Well, since then it's been elaborated much more completely and, indeed, in 1987 I published a book called Neural Darwinism. Well, that released a bit of a storm and I found out that, independent of its merits, if you want to have a lot of disturbance around you, theorize in biology. There's no doubt that it's a little bit different than in physics. In any case the book gave a much more extensive analysis of the situation from more points of view and of the developing theory, and it also of course looked for evidence to support the theory. Now, as you know, there's no way you can prove a theory in science; there's only a way you can perhaps disprove it. And so far I'm happy to report the theory hasn't been disproven. I personally believe it is terribly important to have that theory because, unlike the other organs that develop, as complex as they are; say the kidney or the liver, the brain is after all giving rise to these amazing properties of knowledge, consciousness, all of the philosophical notions etc., etc., epistemology, how you know, how it all goes together, language. So how does this all go together in this disparate mess? There are so many different levels of organization in that brain that you're struck through with awe when you really look at the complexity of it.

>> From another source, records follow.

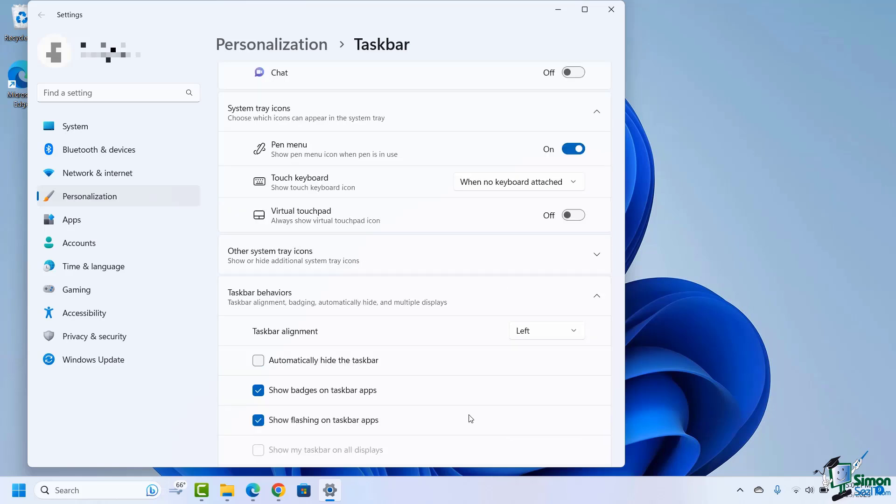So there you have it. That's how we customize the taskbar, giving us a little bit more control of how we're going to work with this new operating system. See you in the next lesson.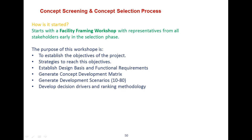How do we start the concept screening and concept selection phase? It usually starts with a facility planning workshop with representatives from all stakeholders early in the selection phase. The purpose of this workshop is first to establish the objective of the project, then strategies to reach this objective, establish a design basis document and functional requirements, generate a concept development matrix based on functional requirements and design basis, and finally generate development scenarios which will be compared and ranked with decision drivers and ranking methodologies.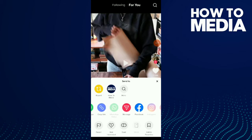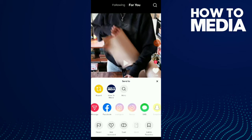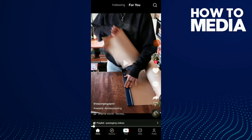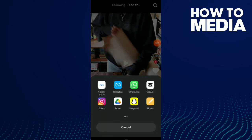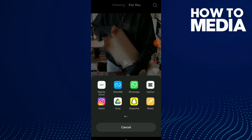You can send this video to Facebook, Instagram, SMS. Now tap on those three dots, which is 'Other.' You'll have these options — I'm gonna click on CapCut.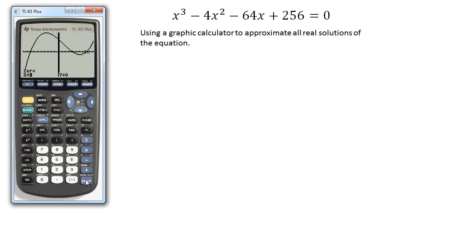So it's just that easy with our calculator using — it's kind of like the trace function but it's the second calculate function. Thank you very much.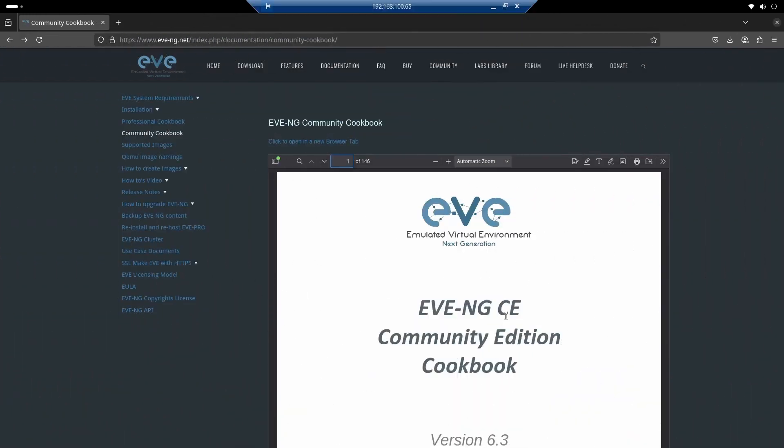We're back with the videos and the opportunity to work with EVE again, an excellent emulator just like GNS3. This particular video is about installing it on VMware. While it's true that EVE can be installed on some other platforms, you need to check the compatibility information. This document you see here, this PDF, I'll leave the link in the description so you can access it quickly.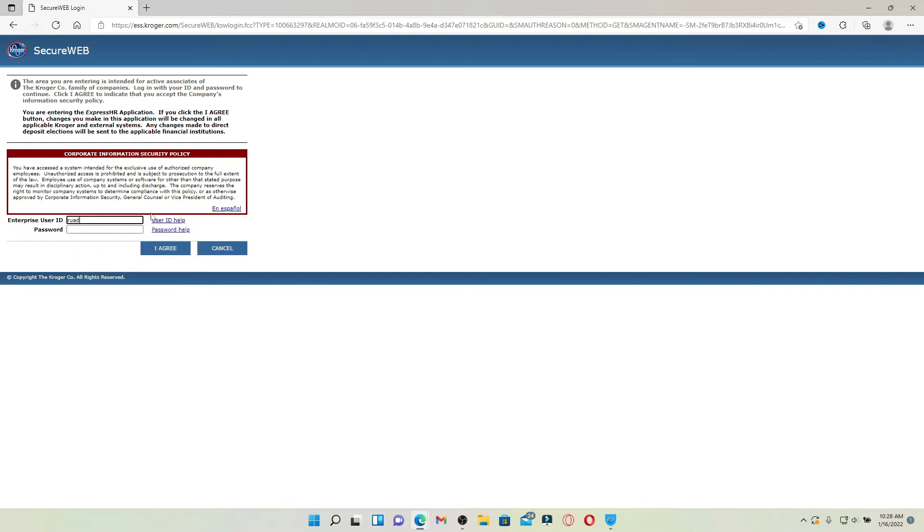Head over to the next field where it says password and type in your password as well. In case you don't remember your user ID, you can click on user ID help link right beside the box and follow the on-screen prompts.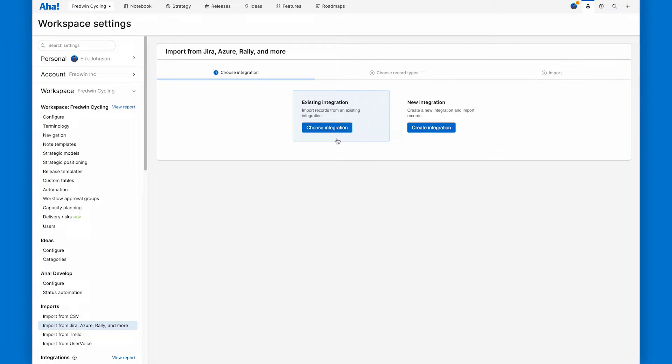Second, I need to make sure I have the right AHA roadmaps permissions, which is workspace owner. That's how I got to this page. So I'm good to go there.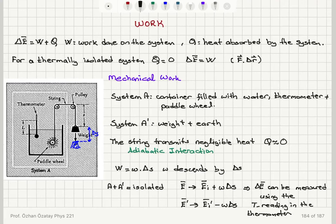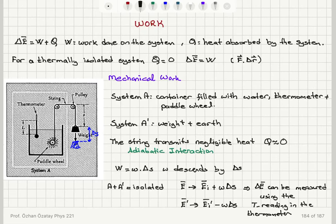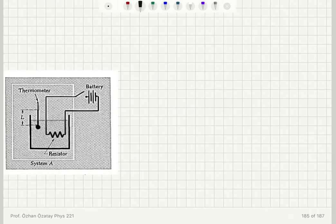As the weight descends, it rotates the pedal wheel, and the pedal wheel heats the water — so there is a thermal interaction within system A. It will heat system A, and we will see the effect of this heating in the thermometer. This is due to energy transfer from the weight to system A by doing work on the system, where the work is transmitted by the rotation of the pedal wheel, causing a temperature increase due to friction in the water.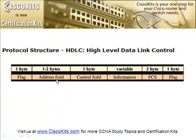The address field may be extended to more than one byte by agreement between the two involved parties. The control field identifies the type of frame and includes sequence numbers, control features, and error tracking according to frame type. The FCS, or frame check sequence, enables a high level of physical error control by allowing the integrity of the transmitted frame data to be checked.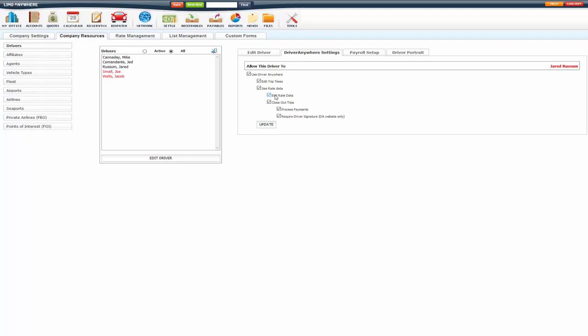They won't be able to edit the full rates on the reservation, just tolls, parking, and miscellaneous one, miscellaneous fee two, or the rates that you have mapped for Driver Anywhere.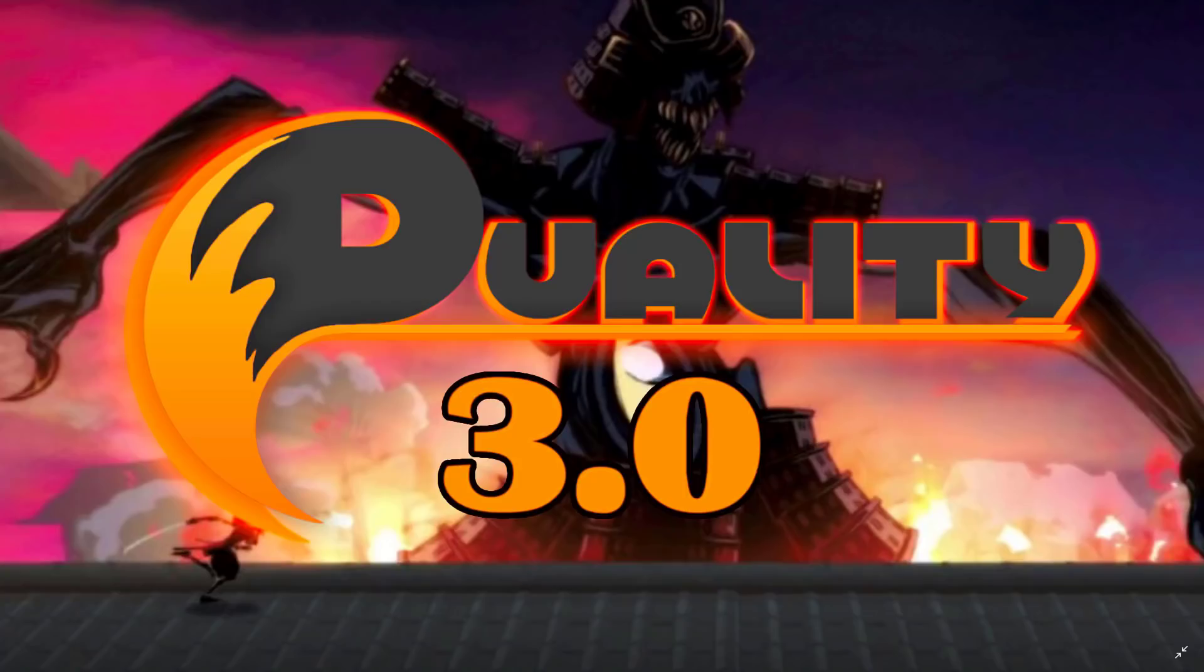Hello everybody, Mike here at Game From Scratch. Today we're checking out the Duality game engine because Duality 3.0 was just released. I know many of you probably haven't heard of Duality unless you've been following this channel for a long time. I covered this a while back, but this game engine doesn't get a lot of exposure.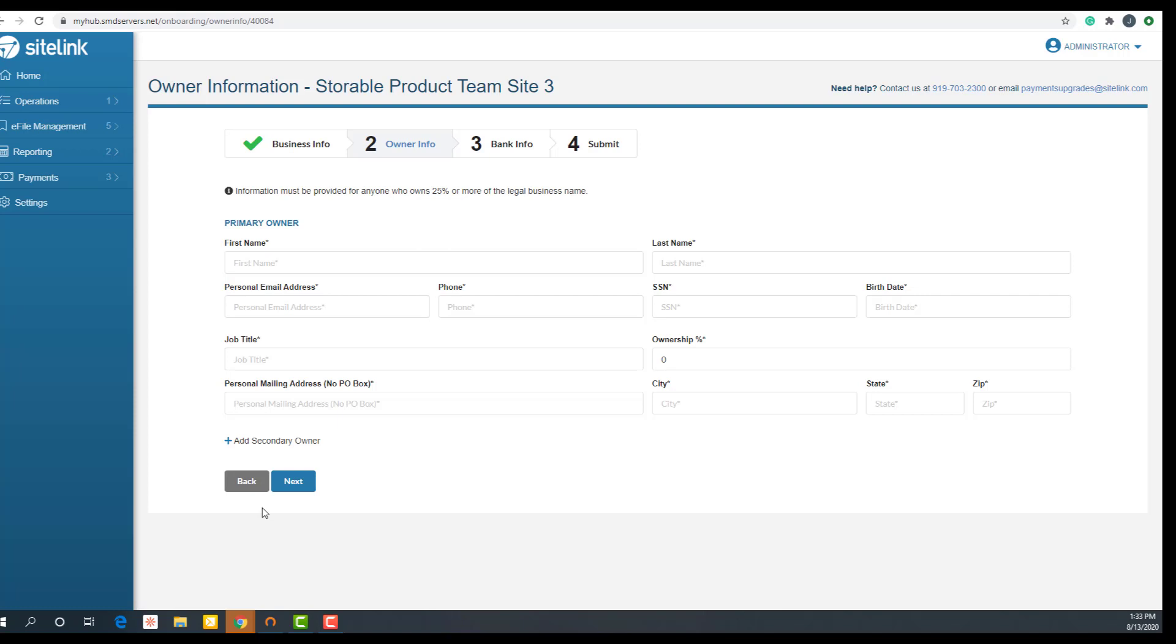A legal entity includes a corporation, limited liability company, or other entity that is formed by filing a public document with a secretary of state or similar office, a general partnership, and any similar business entity formed in the United States. Once all the information has been entered, click next to move to step three.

Well, the position I took on the theory was this: that maybe we can't prove it, because you can't do that with a scientific theory, but at least we can show it's self-consistent. And so, as a result of that, my colleagues and I have run a series of brain models. We've made models of these different processes that I talked about, and shown that at least the theory is self-consistent. If you try to express a theory like this just in words, the complexity is not embedded. You've got to go into details and see how that goes, and in a series of publications we did just that. Again you notice the word ‘we’ because in fact I've been fortunate to be joined by a number of people, particularly at this institute, who are interested in this issue.

US biologist Gerald Edelman (1929-2014) successfully constructed a precise model of an antibody, a protein used by the body to neutralise harmful bacteria or viruses and it was this work that won him the Nobel Prize in Physiology or Medicine in 1972 jointly with Rodney R Porter. He then turned his attention to neuroscience, focusing on neural Darwinism, an influential theory of brain function.

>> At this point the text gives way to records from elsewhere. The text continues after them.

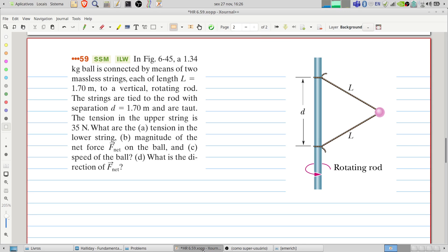In the figure, a 1.34 kilogram ball is connected by means of two massless strings, each of length 1.7 meters, to a vertical rotating rod. These strings are tied to the rod with separation d equals 1.7 meters and are taut. The tension in the upper string is 35 newtons. What are the tension in the lower string, the magnitude of the net force F_net on the ball, and the speed of the ball?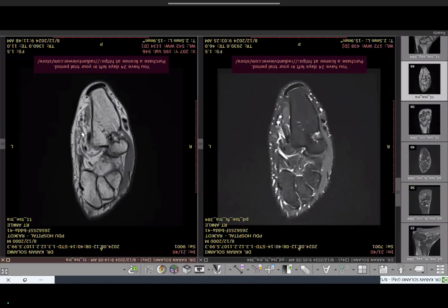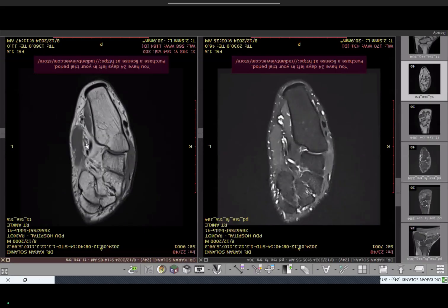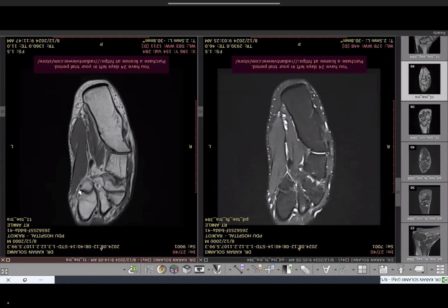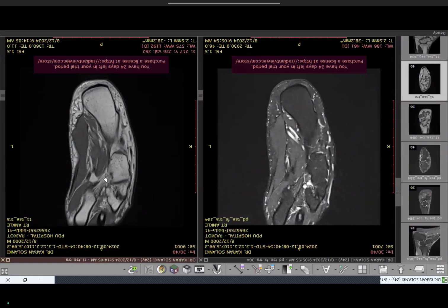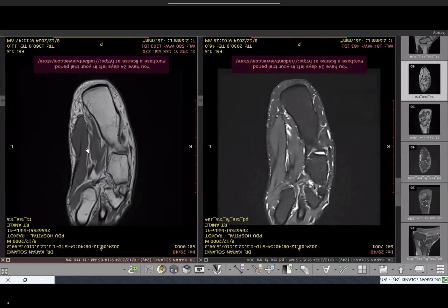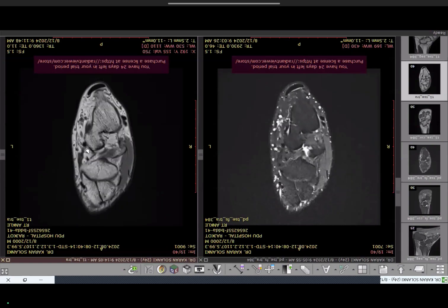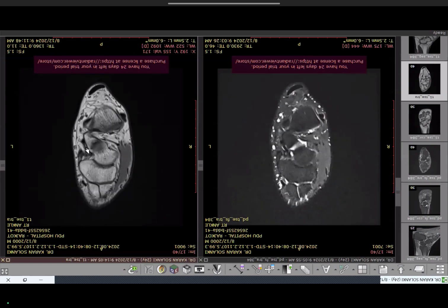Flexor hallucis longus is the posterior-most tendon. It has to cross over the flexor digitorum longus to insert at the base of the first toe. This crossover in the sole of the foot is known as the Knot of Henry. Flexor digitorum crosses and inserts at the base of the second to fourth phalanges, while flexor hallucis crosses and inserts at the base of the big toe. This crossing point is the Knot of Henry.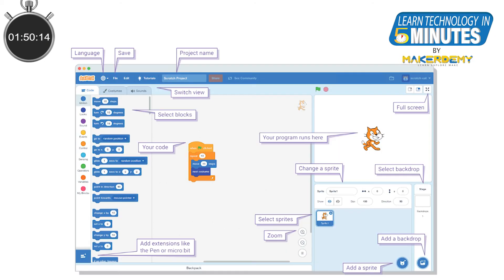Scratch 3 has provided us with a large workspace for the script. We can scroll through the window and freely arrange the blocks without any worry for space, unlike in Scratch 2.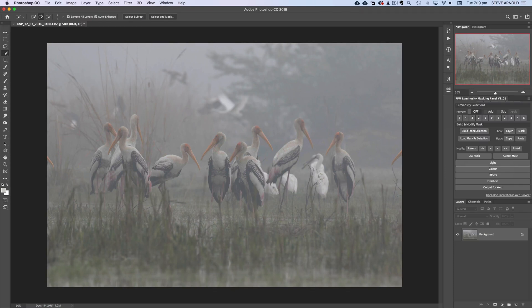Hey, Steve here, and today I have a really quick video for you. It's the next in my series of processing subscribers' images. This one today that I'm going to be showing you has been sent in to me by Banu Devgan.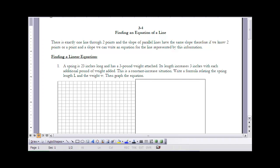These are the notes for Section 3.4: Finding the Equation of a Line. Make sure you pause the video and read the section before taking these notes. In Section 3.4, we're thinking about what is the minimum amount of information needed to write an equation for a line. There is exactly one line through two points — two points determine a line. Parallel lines have the same slope, so if we know two points, or a point and a slope, that's enough to write an equation for a line.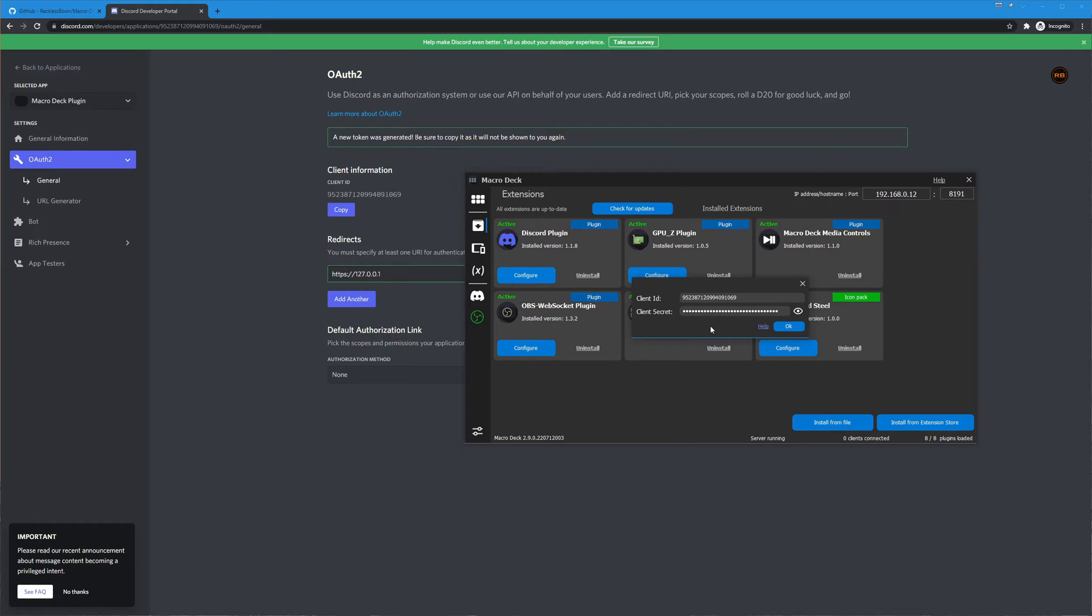Okay so what's gonna happen is now I'm gonna hit okay to save this and the discord plugin is gonna reach out to your discord client and ask for permissions.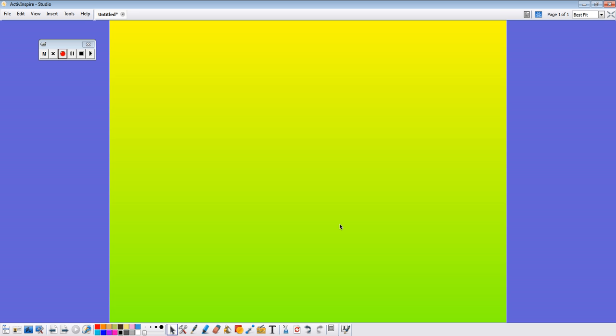And now you have a gradient background for your flip chart lesson. So please feel free to leave comments under this tutorial post. And I hope you are able to make some neat gradients for your flip chart lessons. Thank you.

Listeners: Ralph J. Greenspan

Dr. Greenspan has worked on the genetic and neurobiological basis of behavior in fruit flies (Drosophila melanogaster) almost since the inception of the field, studying with one of its founders, Jeffery Hall, at Brandeis University in Massachusetts, where he received his Ph.D. in biology in 1979. He subsequently taught and conducted research at Princeton University and New York University where he ran the W.M. Keck Laboratory of Molecular Neurobiology, relocating to San Diego in 1997 to become a Senior Fellow in Experimental Neurobiology at The Neurosciences Institute. Dr. Greenspan’s research accomplishments include studies of physiological and behavioral consequences of mutations in a neurotransmitter system affecting one of the brain's principal chemical signals, studies making highly localized genetic alterations in the nervous system to alter behavior, molecular identification of genes causing naturally occurring variation in behavior, and the demonstration that the fly has sleep-like and attention-like behavior similar to that of mammals. Dr. Greenspan has been awarded fellowships from the Helen Hay Whitney Foundation, the Searle Scholars Program, the McKnight Foundation, the Sloan Foundation and the Klingenstein Foundation. In addition to authoring research papers in journals such as "Science", "Nature", "Cell", "Neuron", and "Current Biology", he is also author of an article on the subject of genes and behavior for "Scientific American" and several books, including "Genetic Neurobiology" with Jeffrey Hall and William Harris, "Flexibility and Constraint in Behavioral Systems" with C.P. Kyriacou, and "Fly Pushing: The Theory and Practice of Drosophila Genetics", which has become a standard work in all fruit fly laboratories.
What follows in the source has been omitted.